Passwords are a basic vulnerability through which cyber criminals try to access a company’s systems and sensitive customer and financial data, so a stringent company-wide password policy is crucial.
Allowing staff access only to those parts of the system relevant to their role is important, as is regularly changing passwords and using newer methods such as two-factor authentication where – along with the password – an access code or similar is required.
Keeping passwords private between colleagues is another basic yet vital precaution as is setting strong passwords with plenty of upper and lower case letters, numbers and symbols.
Card and cash security
Credit card fraud is common as fraudsters use cloned cards – more easily done with more CNP (card not present) transactions.
Spotting suspicious transactions is easier said than done sometimes but it’s important to know some signs; machine learning tech is a worthwhile investment to help systems detect patterns suggesting fraudulent activity.
Bogus cash transactions by way of deliberate use of fake currency should be checked thoroughly using point of sale currency checking equipment and training staff in how to detect fake money.

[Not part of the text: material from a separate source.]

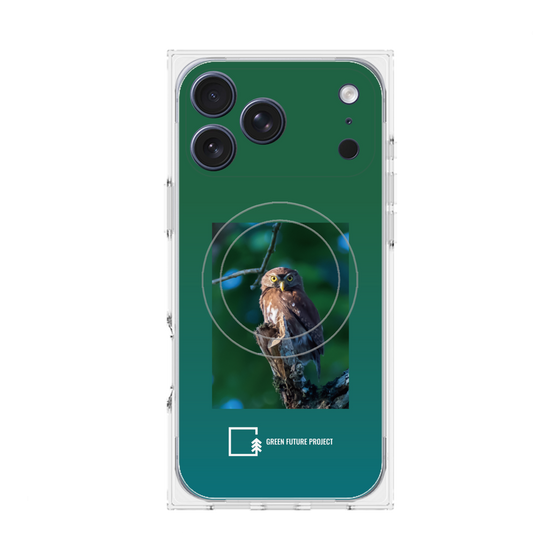 Premium Square Case with MagSafe［ Green Future Project - Ferruginous Pygmy Owl ］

Helping your staff recognize and resist fraud attempts is important, especially as some fraudulent activity can be highly convincing at first.
For example, phishing emails can work well for fraudsters as they convince the recipient they’ve received an email from a bona fide source such as the IRS (Internal Revenue Service) or a bank asking for specific information. Falling for this and clicking the link provided or visiting a bogus website that looks convincing can help the fraudster gain access to systems and passwords.
The importance of password security, remaining vigilant when talking on the phone to customers and suppliers, and other methods should not only be taught to staff but training should be ongoing so as to keep knowledge up to date.